The film opens on Belleville, New Jersey, in 1951, where Frankie (John Lloyd Young) is a hairdresser-in-training with a unique voice and dreams of stardom. Tommy DeVito (Vincent Piazza), an older boy with a long rap sheet, takes Frankie under his wing, lets him into his band with Nick Massi (Michael Lomenda), and introduces him to his “mentor,” Gyp DeCarlo, played by Christopher Walken, who gives a very convincing performance as perhaps the most benign mobster in film history (He cries during a song about a mother’s love). The movie follows their path to fame, from Frankie’s marriage to his pushy wife, to the moment they hired songwriter Bob Gaudio (Erich Bergen), to their first run-in with Bob Crewe, the posh gay producer who makes them sing back-up for other musicians before they can record their own songs—and who is played pitch-perfectly by Mike Doyle.
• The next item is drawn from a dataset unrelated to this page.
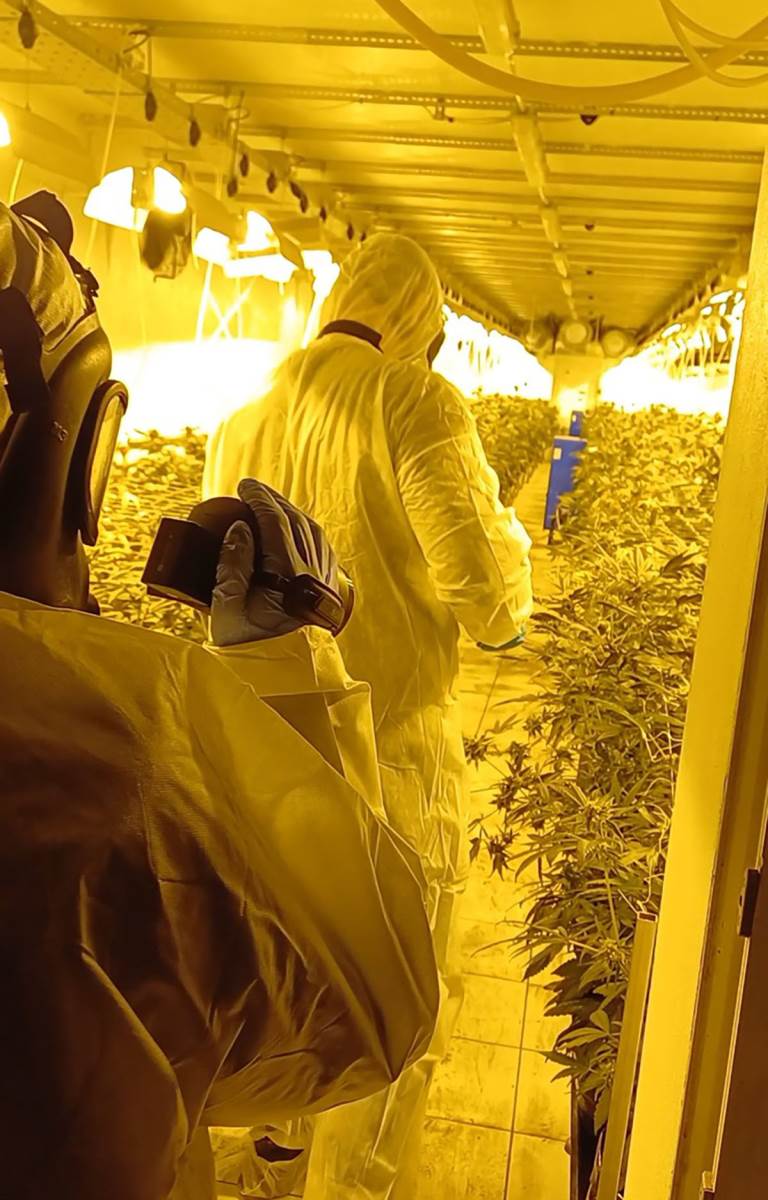 Policija pronašla laboratoriju marihuane kod Zrenjanina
It is Frankie’s voice and Bob Gaudio’s songwriting that propels the group to stardom, but DeVito still considers himself the boss of the band. The power structure crumbles after DeVito hits on Frankie’s mistress, and after a not-as-nice mobster reveals to the band that DeVito owes him hundreds of thousands of dollars. The band turns to much-nicer mobster DeCarlo for help, at which point Nick Massi quits the band and delivers the line that is the point of pretty much every rise-to-fame film ever made: “With all due respect, Mr. DeCarlo, you sell 100,000 records and see how you handle it.” So the band breaks up, and Frankie is on his own, forced to travel across America to give concerts 200 nights a year to pay off DeVito’s debt. He hits his low point when his teenage daughter, Francine, who has struggled with her father’s long absences, dies of a drug overdose.
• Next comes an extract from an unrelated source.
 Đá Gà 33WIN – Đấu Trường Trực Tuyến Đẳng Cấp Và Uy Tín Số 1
The film never loses its cheerful tone, even while portraying DeVito’s plunge into debt and Francine’s overdose. Staying true to the musical, it passes up the opportunity that so many other musician biopics have taken to be gritty and edgy. It’s laugh-out-loud funny at points, which makes it a hard movie to swallow: It’s a light-hearted singalong to the tale of a man giving his everything to a dream that costs him the love of his family. Right after Francine’s death, Frankie produces one of his biggest hits: “I can’t take my eyes off of you.” The juxtaposition is jarring.
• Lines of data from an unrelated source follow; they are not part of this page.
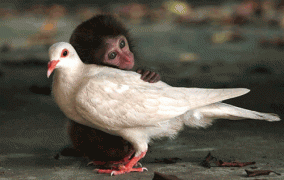 Strokin_20110517012946.gif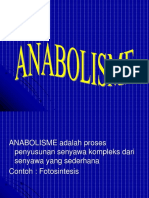 Anabolism e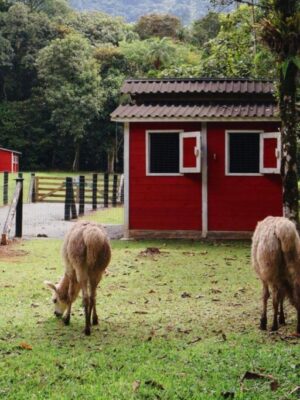 Recanto serrinha - Passeio rural em Joinville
The movie adheres tightly to the feel of the Broadway production, as if Eastwood didn’t want to mess around too much with a winning formula. Though there is more dialogue than in the play, the songs are still plenteous, and the movement of the actors in front of the camera often resembles the carefully rehearsed movements on a Broadway stage. Near the end, in a final scene at the Rock & Roll Hall of Fame in 1990, the band members’ hair looks powdered with gray, like it would be in a stage production, rather than dyed. The final monologues are the same as the Broadway play, and end up being a lot weirder with the camera so close to each actor’s face. And as the credits roll at the end, the movie gives up its pretensions to movie-hood and delivers an outright song-and-dance finale with all the actors—even Christopher Walken gets his groove on.
Jersey Boys is a little saccharine, and if you’ve seen the Broadway musical, there won’t be many surprises. But you’re still a curmudgeon if you go to it and hate it.